„Politische Bildung ist höchst relevant für eine funktionsfähige und lebendige Demokratie“

Die Politikwissenschaftlerin Prof. Monika Oberle war an dem Verbundprojekt „Pilotmonitor politische Bildung“ beteiligt und erläutert im Gespräch mit dem UniReport die wichtigsten Erkenntnisse der Studie.

Monika Oberle. © privat

UniReport: Frau Oberle, der Begriff „Politische Bildung“ ist in diesen bewegten Zeiten einer, über den diskutiert und gestritten wird – heftiger als vor einigen Dekaden. Kann man sich als Wissenschaftlerin (auch) über eine solche Diskursrelevanz freuen? Oder droht auch eine Überfrachtung des Begriffs und des Lernfeldes, wenn es zum Beispiel darum geht, Demokratie zu vermitteln und einzuüben?

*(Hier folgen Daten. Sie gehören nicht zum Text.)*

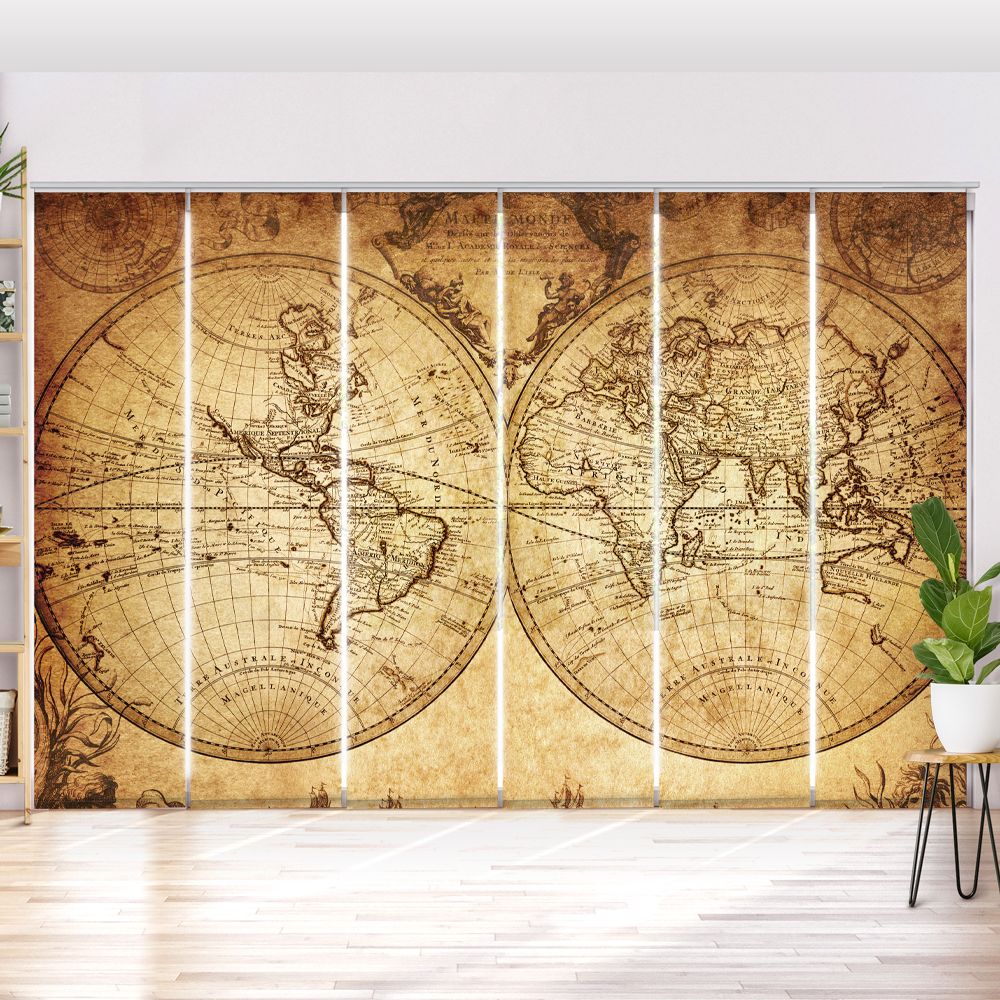 Schiebegardine Motiv Vintage Map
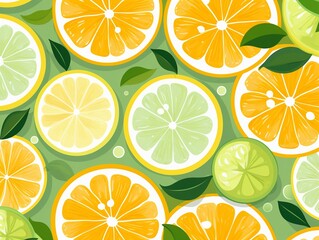 Fresh citrus crosssections, endless design, simple flat illustration, solid bg ,  repeating pattern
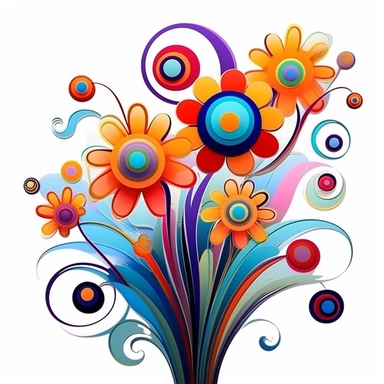abstract flowers clip art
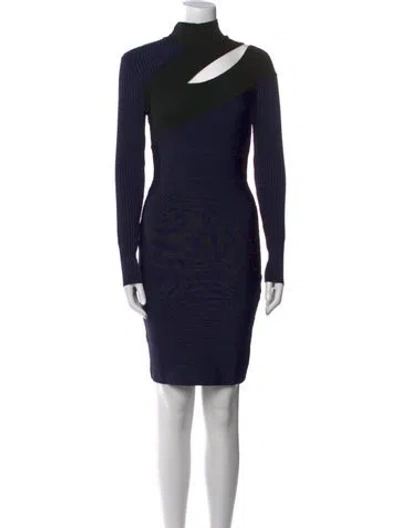 Pre-owned Herve Leger Colorblock Pattern Mini Dress In Blue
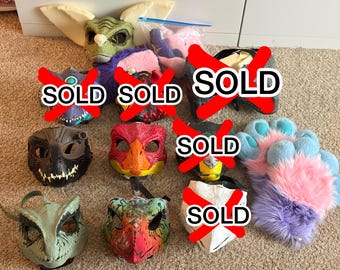 Second Hand Dinomask/Fursuit Projects Lot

Monika Oberle: Als Bürgerin kann ich mich nicht freuen, in welchem Ausmaß die freiheitliche Demokratie heute von innen und außen unter Druck steht. In der Tat werden in diesen Zeiten auch Rufe nach politischer Bildung lauter. Politische Bildung ist jedoch keine Feuerwehr, die eine prekäre Demokratie alleine, und am besten kurzfristig, retten kann. Das wäre eine Überfrachtung der Erwartungen. Zugleich ist politische Bildung höchst relevant für eine funktionsfähige und lebendige Demokratie. Interventionsstudien zeigen beispielsweise Effekte politischer Bildungsmaßnahmen, die durch andere Sozialisationsinstanzen wie das familiäre Umfeld bedingte Ungleichheiten in politischen Kompetenzen ausgleichen können. Insofern ist es entscheidend, den von Ihnen skizzierten Diskurs in politisches Handeln zu überführen und die formale und non-formale politische Bildung langfristig mit angemessenen Ressourcen zu unterfüttern und auch wissenschaftlich zu begleiten.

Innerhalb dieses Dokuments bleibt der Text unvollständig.